In testimony in open court the defendant said she was in a hotel room with one of the Israeli youths with whom she had a relationship before others appeared and she was pinned down.
One defense witness, Marios Matsakis, a forensic pathologist who formerly worked for the state, said the woman's injuries were consistent with rape.
Prosecutors say she fabricated the allegation, angry at being filmed during sex.
The woman's lawyer, Justice Abroad’s Michael Polak, said that 'Although the defense team is very disappointed with the decision of the court having put a lot of effort into the lengthy trial process and after bringing expert evidence before the Court, we are not surprised by the result given the frequent refusal during the trial of the judge to consider evidence which supported the fact that the teenager had been raped."
Polak said the judge rejected questioning from "our Cypriot advocates, stating ‘this is not a rape case, I will not consider whether she was raped or not.'"
Polak added that "This will form a ground of appeal before the Supreme Court of Cyprus along with a number of other failings in the trial process which resulted in the teenager not receiving a fair trial."

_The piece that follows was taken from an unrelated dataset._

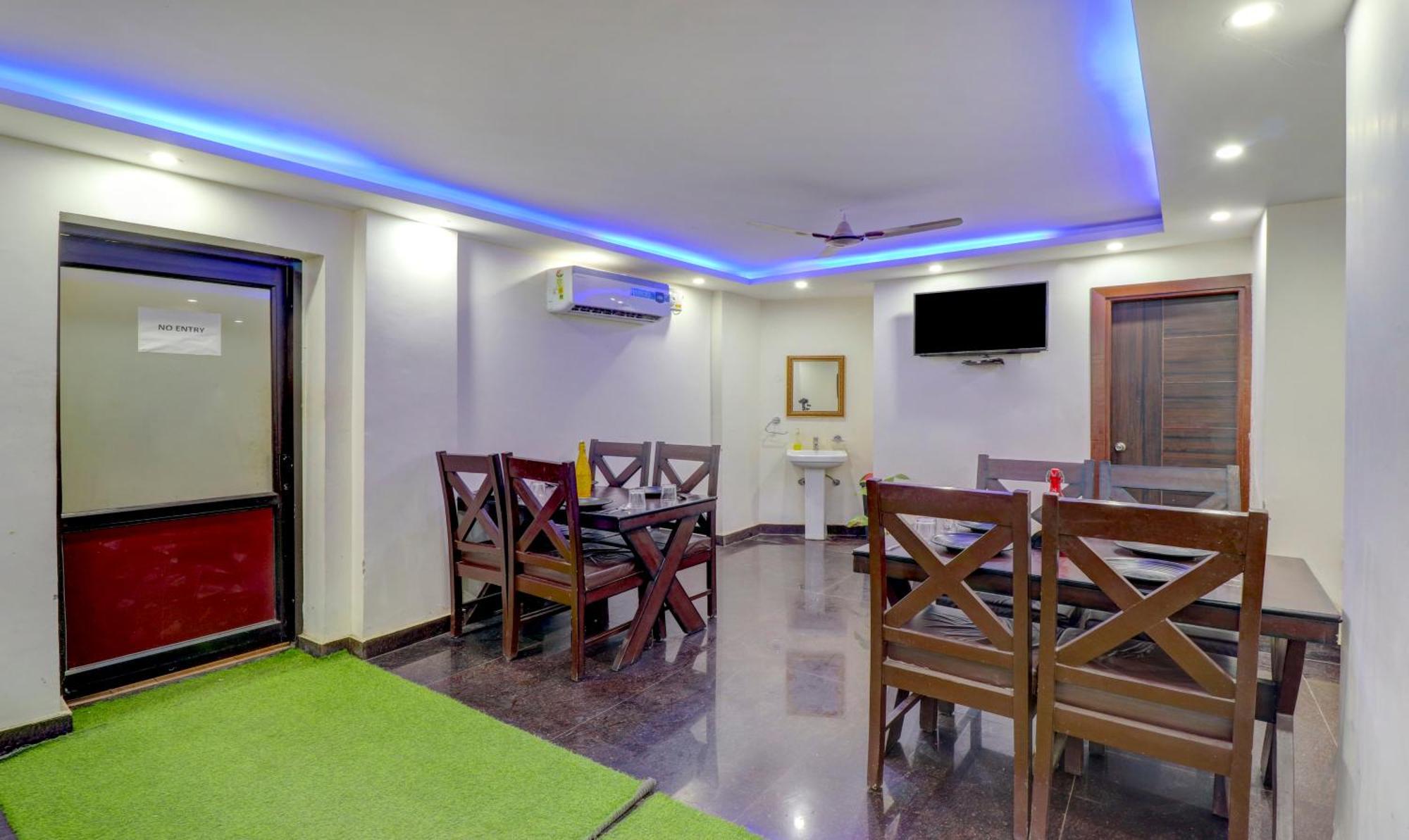 Super Townhouse Sushant Lok Phase 1 Formerly Hotel Neven غورغاون المظهر الخارجي الصورة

In November, a court in Cyprus rejected the claims of the woman that she had been forced by the police to sign a statement saying she had made up the story of an alleged gang rape by the Israelis.
The court in Famagusta ruled that her confession was admissible as evidence. In October, the woman testified about the events at night in the police station, saying she was forced to renounce her story about the alleged rape and that she was put under great pressure to sign the statements.
The judge said police detectives had acted properly when they took the woman’s statement, and she was accompanied by a welfare officer during her time in the police station – and no pressure had been put on her to change her story, reported the British Daily Mail.
In addition, the judge said she had not been mistreated, she was allowed bathroom breaks and received water to drink – as opposed to what she had claimed. The judge said she was not treated aggressively and was not promised anything; she made the statements of her own will. “I don’t find anything suspicious,’ said the judge, reported the Daily Mail.